Problem details
Transcribe this listing exactly; omit the pictures.

[Source data — start]

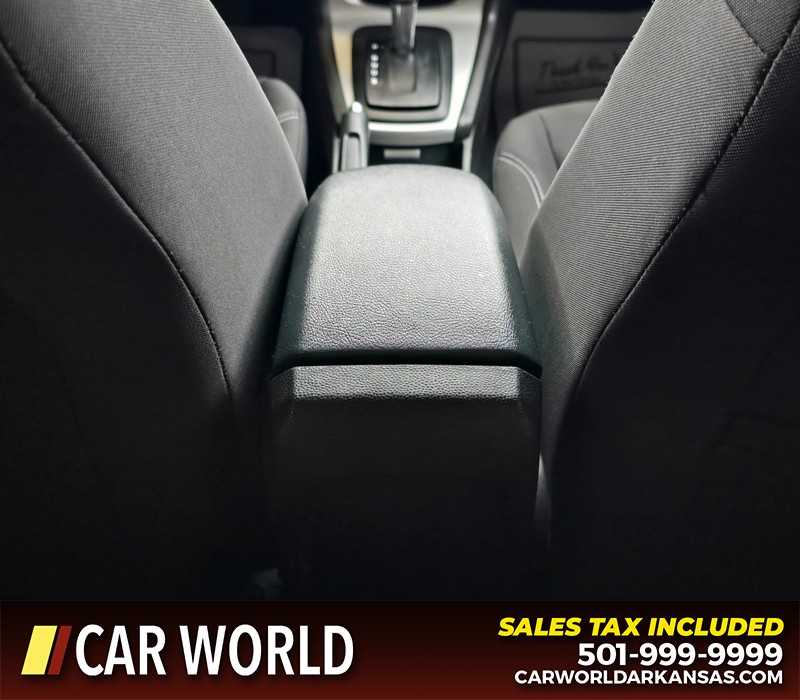 Ford Fiesta Vehicle Full-screen Gallery Image 19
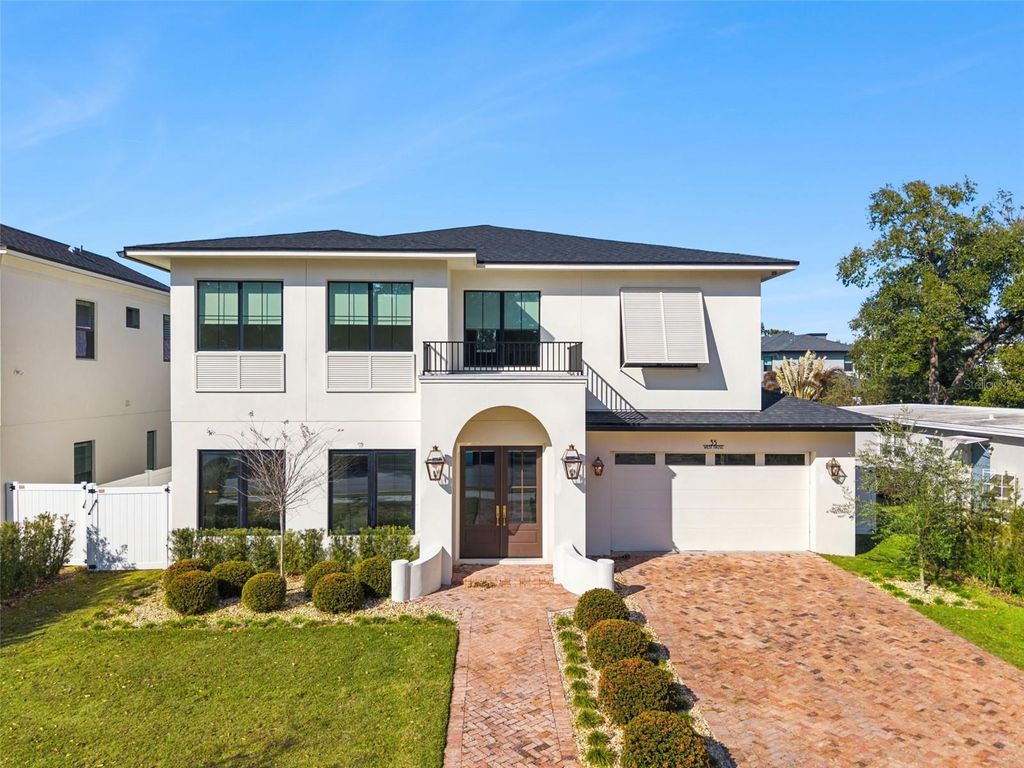 Photo of 35 W Hazel Street, Orlando, FL 32804 (MLS # O6381149)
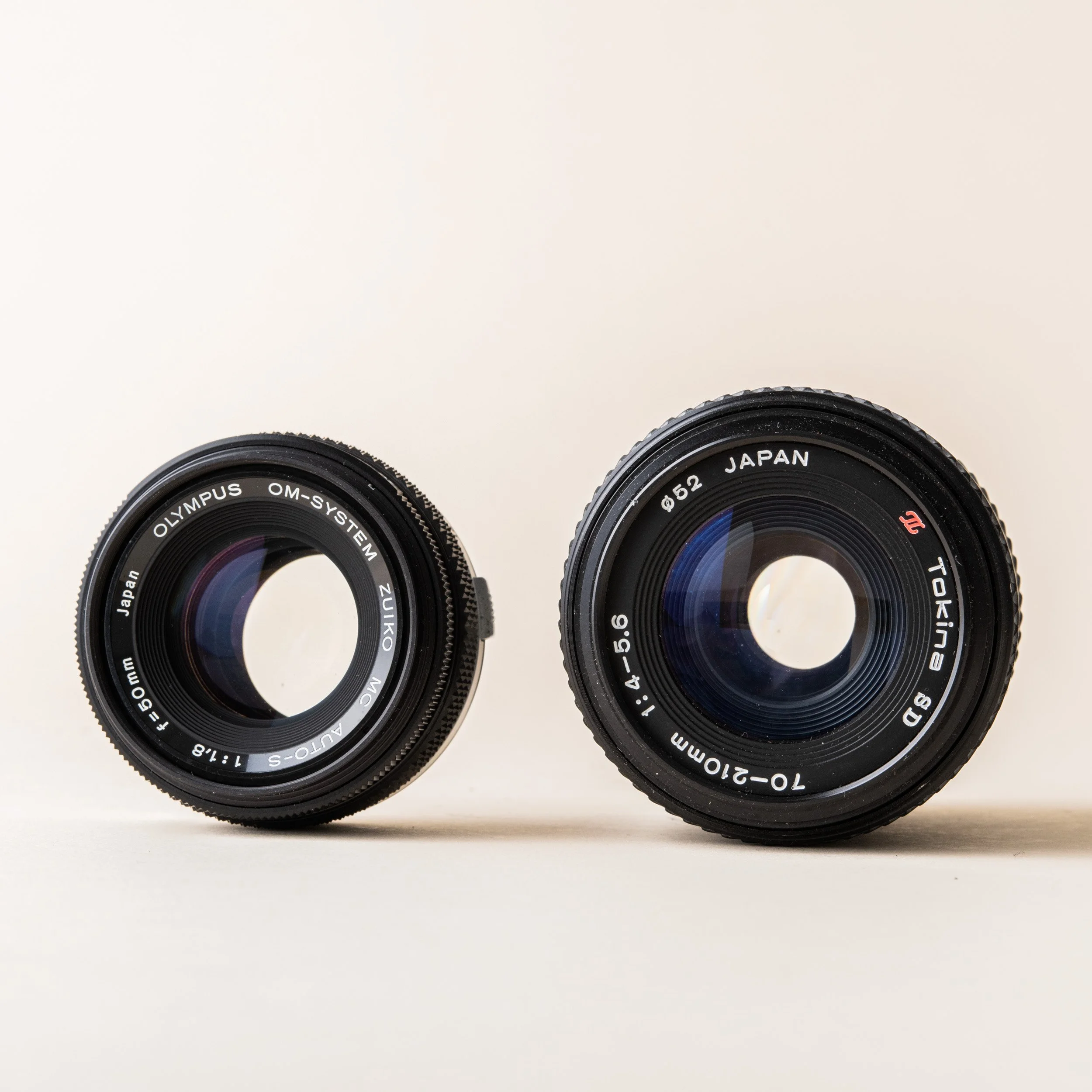 Olympus OM-10 + Lens Kit (50mm + 70-210mm) & manual adapter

[Source data — finish]

Response to this task
 Ford Fiesta Vehicle Full-screen Gallery Image 19
 Photo of 35 W Hazel Street, Orlando, FL 32804 (MLS # O6381149)
 Olympus OM-10 + Lens Kit (50mm + 70-210mm) & manual adapter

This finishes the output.